COVID-19 Risk Moved to Orange

davidwicaiBlog, COVID19, Telework

Gov. Gary Herbert has announced that Utah will slightly turn the dial from Red (high risk) to Orange (moderate risk) on Friday. The move signals the hopeful beginning of normalcy.

As explained in Utah Leads Together 2.0, this is the beginning of stabilization. The goal of the plan is to manage the risk of COVID-19 to avoid overwhelming the healthcare system and find balance between physical and economic health. 

There are a few small differences between Red and Orange in the plan, with the overall goal to protect high-risk individuals, including those over the age of 65 and those with underlying conditions such as respiratory issues, cardiovascular issues, cancer patients, and diabetes.

As an agency, we should continue to work remotely wherever possible. For anybody who does want to return to an office, please monitor for symptoms of COVID-19 and always take extreme caution. If any of our services are opening to the public, please take every precaution possible to protect employees and customers. Everyone should wear masks, including customers, and always practice social distancing.

Also, the Centers for Diseases Control is recommending that groups of more than 20 people should not gather, and groups under 20 should be family or close friends. Social distancing rules still apply and have not changed between red and orange. 

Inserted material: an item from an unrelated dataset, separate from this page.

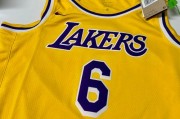 nba球衣6号的巨星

This order will open restaurant dining rooms, salons, and other businesses that can meet the social distancing guidelines and everyone wears a mask.

Overall, the trends are optimistic. Utah is testing more than 5,000 people daily and infection rates are under 5 percent. Hospital beds and resources are not being stretched. 

It was emphasized that this shift to Orange is happening because of the vigilance of Utahns. Everyone needs to continue to wash hands, social distance, and wear masks. The state will continue to adjust the dial based on their data, and local jurisdictions can also make their own adjustments in coordination with state health officials.